Forum for Science, Industry and Business

Sponsored by:     3M 
Search our Site:

 

NASA Sees Cyclone Rusty Threatening Western Australia

26.02.2013
Tropical Cyclone Rusty formed on Feb. 24 and has already caused warnings up for the residents of northwestern West Australia, including Port Hedland. NASA's Terra satellite saw that outer bands of this quick-forming tropical cyclone were already affecting land.

The Australian Bureau of Meteorology (ABOM) has posted cyclone warnings and a yellow and blue alert for Western Australia as Rusty approaches for a landfall. A Cyclone Warning is in effect from Broome to Mardie, and adjacent inland areas of the Pilbara, including Marble Bar, Nullagine and Millstream. A Cyclone Watch is in effect for adjacent inland areas of the Pilbara including Tom Price, Newman and Telfer.


On Feb. 25 at 0215 UTC (9:15 p.m. EST, Feb. 24) the MODIS instrument aboard NASA's Terra satellite captured this visible image of Cyclone Rusty closing in on the northwestern coast of Western Australia. Rusty's outer band of thunderstorms stretched from Broome to Port Hedland. Credit: NASA Goddard MODIS Rapid Response Team

A Yellow Alert is in effect for communities between Wallal and Whim Creek, including Pardoo, De Grey and Port Hedland. ABOM has also issued a Blue Alert for communities between Broome and Wallal including Broome and Bidyadanga, between Whim Creek and Mardie, including Karratha and extending to adjacent inland areas including Marble Bar, Nullagine and Millstream.

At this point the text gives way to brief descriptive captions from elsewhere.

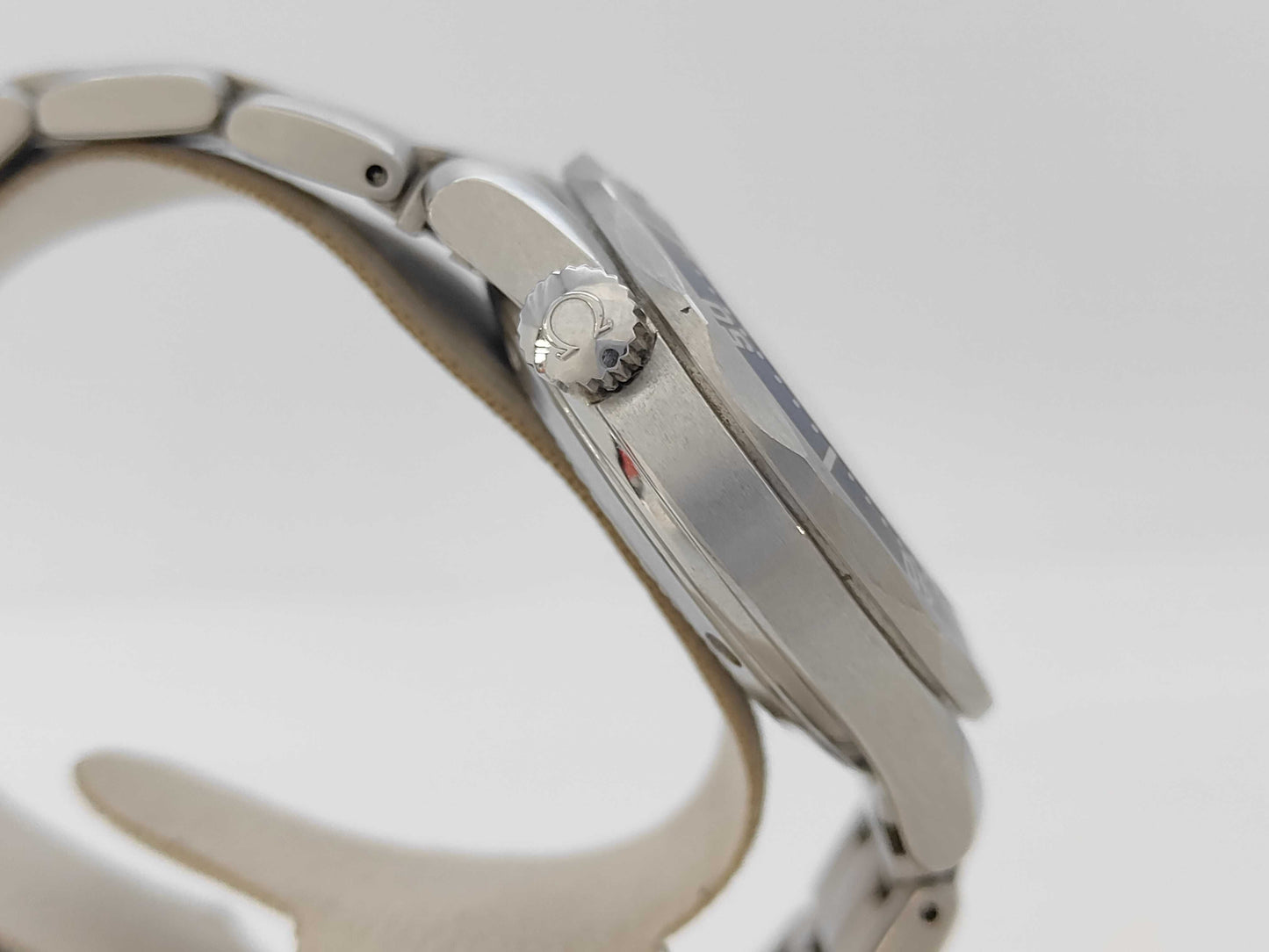 OMEGA Seamaster Seamaster 2561.80 55980935 Quartz Men's Watch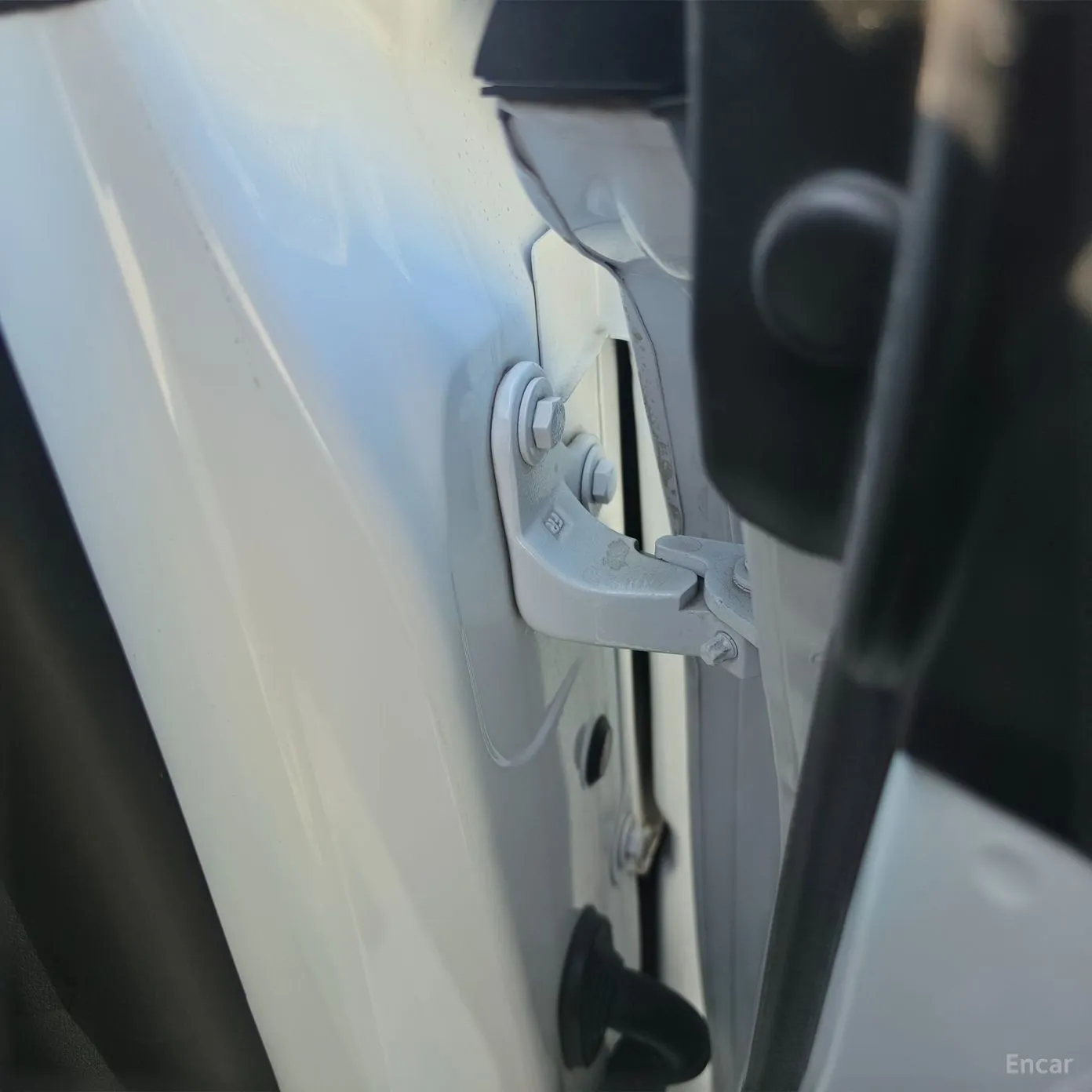 Tesla Model Y превью 7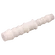 10X06MM ID REDUC STRAIGHT PUSH-ON WHITE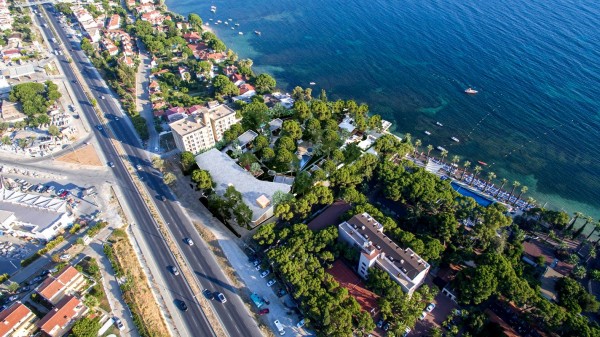 Unique Life Style Hotels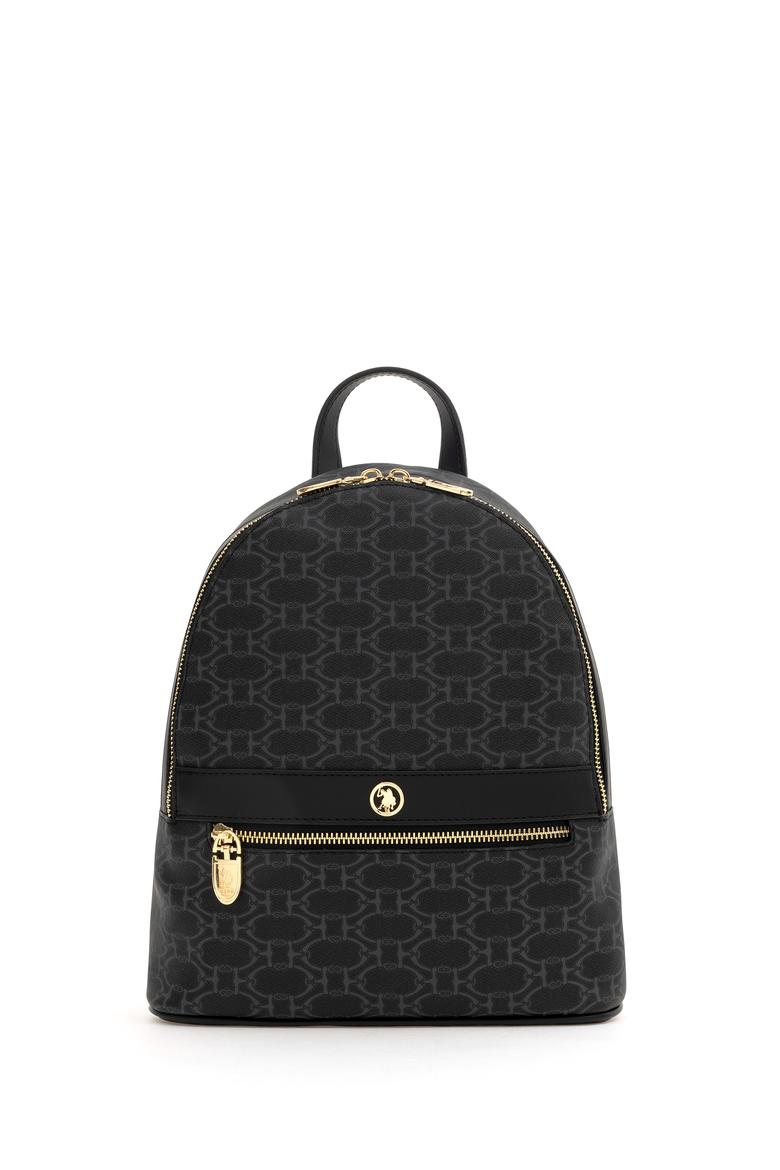 Kadın Siyah Sırt Çantası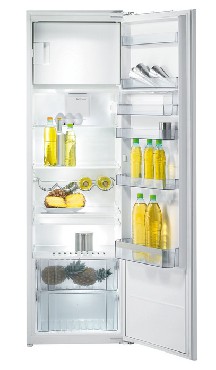 Chodziarko-zamraarka Gorenje RBI5182PW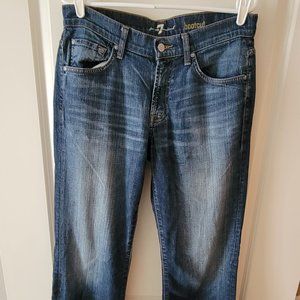 Mens 7 For All Mankind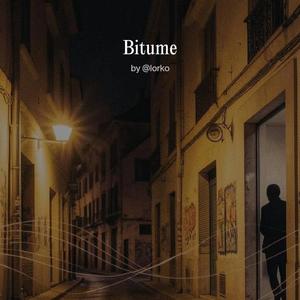 Bitume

On Sunday, Feb. 24, soon after Rusty formed warnings were already being posted. At 1200 UTC (7 a.m. EST) on Feb. 24, Rusty's maximum sustained winds had quickly climbed to near 60 knots (69 mph/111 kph). Rusty's center was located near 17.7 south and 118.3 east, about 160 nautical miles from Port Hedland, Australia and was slowly moving to the south-southwest

Microwave satellite data on Feb. 24 showed that Rusty was consolidating rapidly and had already developed a 20-nautical mile wide eye despite being a tropical storm.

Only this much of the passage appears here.